▶ _Provided data_:
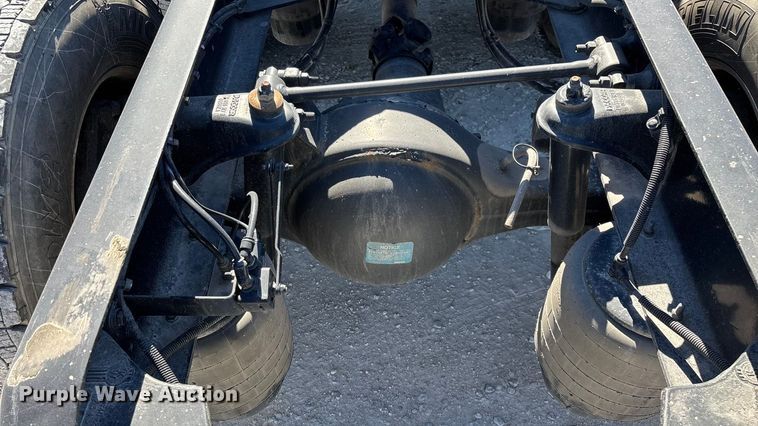 image for item ED2317 2021 Kenworth T680 semi truck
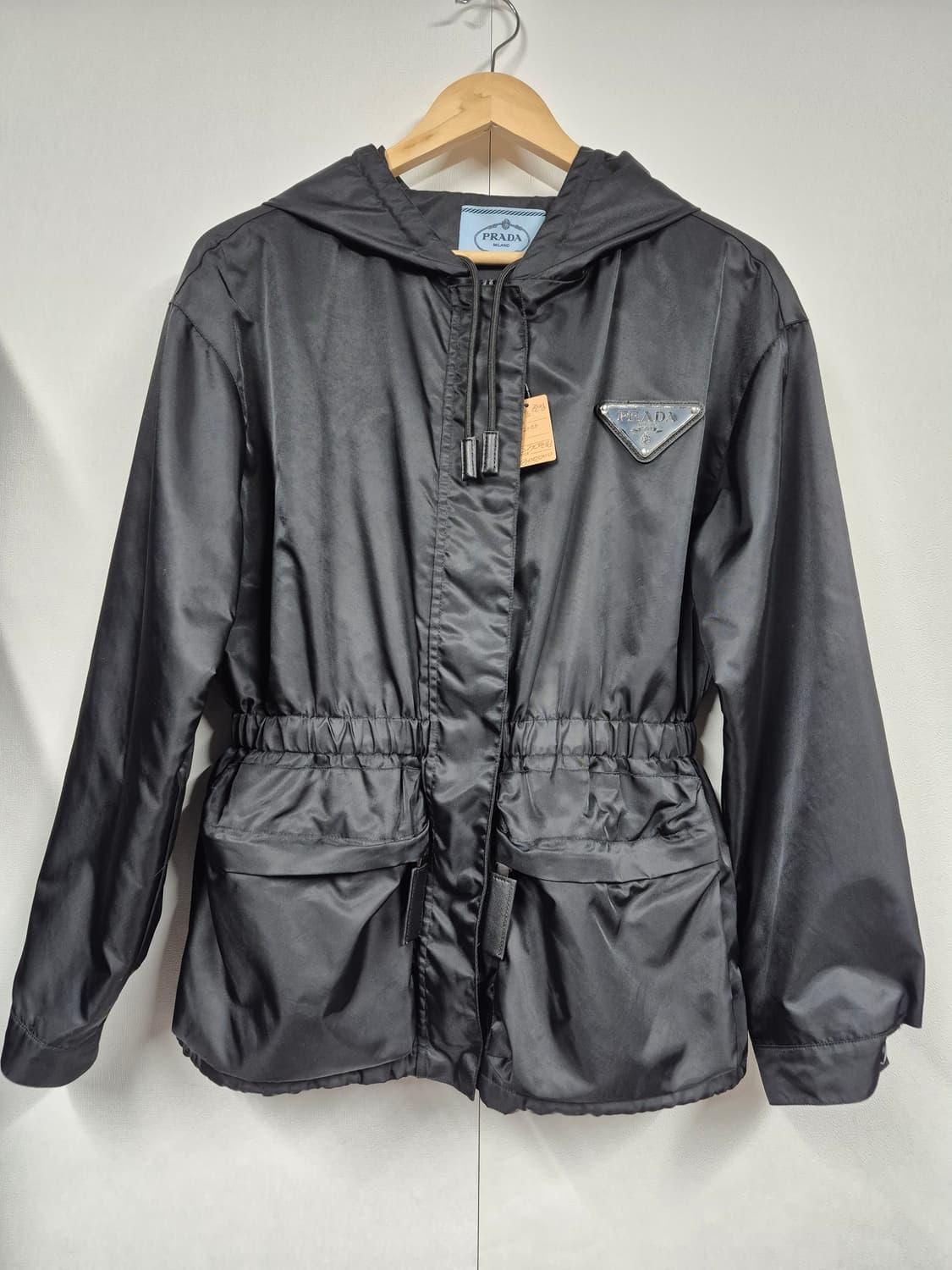 날씬77 까지 정품 프라다 나일론 방수 사파리 자켓 상품이미지1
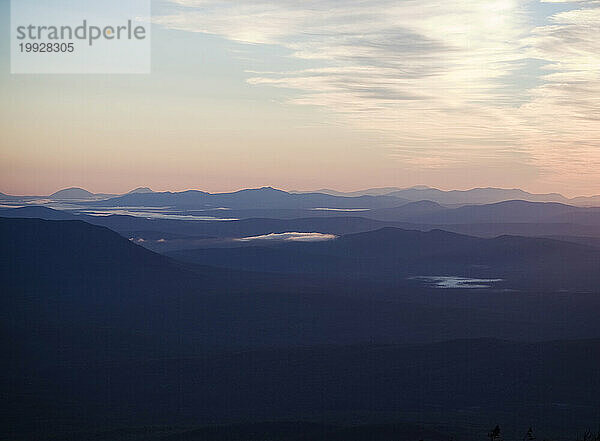 Ein Blick auf die Wildnis von Maine vom Gipfel des Sugarloaf Mountain.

▶ _What you are asked to do_: All of the material above must be given again verbatim, except for the pictures.

▶ _Answer section_:
 image for item ED2317 2021 Kenworth T680 semi truck
 날씬77 까지 정품 프라다 나일론 방수 사파리 자켓 상품이미지1
 Ein Blick auf die Wildnis von Maine vom Gipfel des Sugarloaf Mountain.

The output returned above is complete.